Now I’m just doing all the backend stuff. I have lots of old files that are no longer valid so I’ve removed them from my server BUT I would also like to stop Google from indexing these old pages. So when I go here: site:www.stormdesignprint.com I can see a list of pages I’d rather not see, so what code do I add for those pages in my htaccess file? Is it that easy?
The robots.txt file will stop search engines from indexing a page initially. However, from my knowledge, if you are linking to that page from any other page that Google indexes, it will eventually get indexed. The only way to guarantee that a search engine does not index a page is to use meta tags directly on the page. Luckily there are settings inside the page inspector in RW7 that will do exactly that.
Thanks Joe, but the pages don’t exist anymore in any project so I can’t use the page inspector.
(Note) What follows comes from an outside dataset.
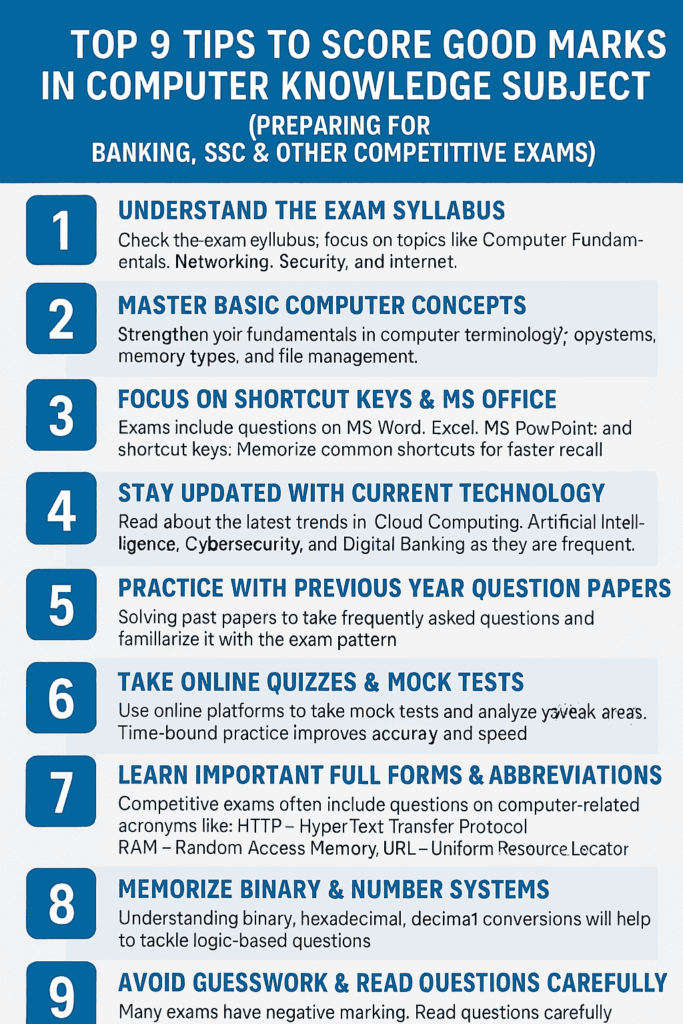 Top 9 Tips to Score Good Marks in Computer Awareness Subject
They are really old dummy pages that I used when I was creating a site but didn’t want the public to see them. I just noticed that they are still on Google from years ago. Don’t worry I’m sure it’s only me that will be slightly irritated by their presence, nobody else will care.
The most important thing to do is 301 redirects from the old pages to relevant new ones. Easy to do in cPanel if that’s what you have and should be available in other control panels. More fiddly in htaccess but no major deal. I just did a site:stormdesignprint.com search and there are pages showing 404 not founds - you definitely do not want these. So long as these old pages permanently redirect you are fine with Google.
Google will relegate these pages after a while and, even though they may be possible to find, they will not come anywhere near the first pages of Google results so in practice won’t be seen.
You can also request removal: so long as Google recognises there is no such page (i.e. make sure it has gone from your server) it will be listed for removal. You can do this is in Google Search Console - https://www.google.com/webmasters/tools/removals
A further thing you need to do in htaccess is decide whether your priority site is “www” or “not www” and set one to divert to the other.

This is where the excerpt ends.